|
|
|
|
|
by ariskk
3391 days ago
|
|
Hi. I am the author of the article.
Thank you for spending time to read this.
The combined reach of the co-founders is very large, thus being able to provably handle scale was an essential prerequisite. Additionally, the requirements of the platform extend way beyond a simple content server. Content performance is tracked in real-time and this is fed to multiple ranking and recommendation models. Those frequently change, thus we need a way to retroactively process our data.
Flexibility is key when trying to build an intelligent platform. Thus, we decided to early-on invest time in the ability to quickly iterate and experiment on algorithms, in real time over live data.
You are right that the API fleet could be implemented using the aforementioned technologies; We use Scala and thus decided to use Akka HTTP instead. The challenging part is how you manage state behind that. |
|
In my experience all these features sound nice on paper. But you quickly run into practical issues that are far easier when you know approximate information about the state.

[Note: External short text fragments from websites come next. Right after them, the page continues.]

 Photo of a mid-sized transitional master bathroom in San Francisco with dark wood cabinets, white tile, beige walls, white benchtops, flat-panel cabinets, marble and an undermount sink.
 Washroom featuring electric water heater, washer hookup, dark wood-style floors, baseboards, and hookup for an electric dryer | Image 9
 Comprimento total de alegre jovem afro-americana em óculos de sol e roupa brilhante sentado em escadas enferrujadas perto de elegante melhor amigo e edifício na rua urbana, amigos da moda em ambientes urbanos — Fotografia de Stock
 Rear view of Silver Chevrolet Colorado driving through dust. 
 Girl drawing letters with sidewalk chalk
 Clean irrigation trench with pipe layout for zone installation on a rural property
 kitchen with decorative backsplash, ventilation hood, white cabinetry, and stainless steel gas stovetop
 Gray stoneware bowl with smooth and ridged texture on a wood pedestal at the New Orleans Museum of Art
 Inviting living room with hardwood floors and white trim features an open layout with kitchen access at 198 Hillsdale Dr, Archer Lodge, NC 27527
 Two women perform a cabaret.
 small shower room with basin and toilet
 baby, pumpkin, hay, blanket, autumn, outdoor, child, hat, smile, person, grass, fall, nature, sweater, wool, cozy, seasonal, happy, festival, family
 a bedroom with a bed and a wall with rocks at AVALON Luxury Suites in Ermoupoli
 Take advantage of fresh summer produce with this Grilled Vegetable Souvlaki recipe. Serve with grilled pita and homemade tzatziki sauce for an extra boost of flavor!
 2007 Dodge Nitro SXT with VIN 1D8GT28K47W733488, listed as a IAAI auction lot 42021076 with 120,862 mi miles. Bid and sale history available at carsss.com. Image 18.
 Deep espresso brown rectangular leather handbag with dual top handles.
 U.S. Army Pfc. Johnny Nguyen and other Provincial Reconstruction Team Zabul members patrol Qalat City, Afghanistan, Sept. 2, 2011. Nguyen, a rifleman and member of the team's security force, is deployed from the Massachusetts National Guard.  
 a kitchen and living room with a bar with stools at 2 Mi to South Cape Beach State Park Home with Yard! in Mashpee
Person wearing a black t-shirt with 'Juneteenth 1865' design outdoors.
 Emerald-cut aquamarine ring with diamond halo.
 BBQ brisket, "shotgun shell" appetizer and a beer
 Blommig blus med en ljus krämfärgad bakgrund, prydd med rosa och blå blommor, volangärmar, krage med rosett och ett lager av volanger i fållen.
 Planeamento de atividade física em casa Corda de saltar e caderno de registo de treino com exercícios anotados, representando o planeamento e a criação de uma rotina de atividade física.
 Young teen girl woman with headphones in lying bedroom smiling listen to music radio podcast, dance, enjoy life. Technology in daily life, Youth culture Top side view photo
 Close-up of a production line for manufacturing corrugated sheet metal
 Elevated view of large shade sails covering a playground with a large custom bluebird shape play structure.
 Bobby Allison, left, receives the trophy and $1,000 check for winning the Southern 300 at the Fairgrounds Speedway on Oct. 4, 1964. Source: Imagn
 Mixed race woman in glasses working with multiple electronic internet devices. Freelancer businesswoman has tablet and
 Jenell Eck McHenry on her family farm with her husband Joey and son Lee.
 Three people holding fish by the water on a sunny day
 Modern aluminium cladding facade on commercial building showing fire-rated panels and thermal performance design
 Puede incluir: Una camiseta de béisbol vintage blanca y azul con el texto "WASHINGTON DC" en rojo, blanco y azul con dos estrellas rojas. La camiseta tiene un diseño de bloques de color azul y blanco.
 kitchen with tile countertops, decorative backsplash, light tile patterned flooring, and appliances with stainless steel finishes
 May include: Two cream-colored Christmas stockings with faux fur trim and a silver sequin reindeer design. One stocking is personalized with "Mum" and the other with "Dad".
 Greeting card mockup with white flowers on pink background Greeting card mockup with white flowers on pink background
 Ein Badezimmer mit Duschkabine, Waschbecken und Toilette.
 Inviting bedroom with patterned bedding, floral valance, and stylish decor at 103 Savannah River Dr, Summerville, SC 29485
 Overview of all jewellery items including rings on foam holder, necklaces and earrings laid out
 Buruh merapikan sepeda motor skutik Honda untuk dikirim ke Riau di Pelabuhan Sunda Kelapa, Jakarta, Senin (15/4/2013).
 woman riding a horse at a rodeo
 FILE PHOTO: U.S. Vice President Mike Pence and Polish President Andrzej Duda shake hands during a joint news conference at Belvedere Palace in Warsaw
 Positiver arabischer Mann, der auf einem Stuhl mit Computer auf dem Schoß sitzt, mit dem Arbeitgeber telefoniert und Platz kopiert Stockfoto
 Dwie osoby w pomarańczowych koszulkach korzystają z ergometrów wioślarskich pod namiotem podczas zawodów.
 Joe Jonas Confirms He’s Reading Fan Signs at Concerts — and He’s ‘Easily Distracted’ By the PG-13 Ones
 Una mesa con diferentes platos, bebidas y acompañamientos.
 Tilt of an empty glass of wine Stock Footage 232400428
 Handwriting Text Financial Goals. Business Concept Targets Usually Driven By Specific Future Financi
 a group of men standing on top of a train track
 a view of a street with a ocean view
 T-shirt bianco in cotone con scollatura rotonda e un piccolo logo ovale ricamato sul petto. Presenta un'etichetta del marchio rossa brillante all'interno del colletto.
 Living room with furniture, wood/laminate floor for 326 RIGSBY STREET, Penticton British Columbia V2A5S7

E.g. Developing a model? you might just want a subset/batch data. Doing BI/Analytics? are you going to continuously tax your server to recompute? The argument about recommender systems is also honestly flimsy, having built and applied such systems to live traffic at very large scale (more than hundreds of millions of users). There is only a small advantage from being able to quickly reconfigure flows. In most cases you have a single baseline model which you compare against for a small fraction of the traffic. The real complexity/gains in recommender systems lie in choice of algorithm/hyper-parameters/features, not on continuous multi armed bandits with 1000 different models applied simultaneously while waiting an infinite amount of time to produce any statistically meaningful answer. In fact for a website like this one, recommender systems can only provide so much advantage.
There are actually several really good specialized use cases, e.g. Google secmon-tools uses a system like this one.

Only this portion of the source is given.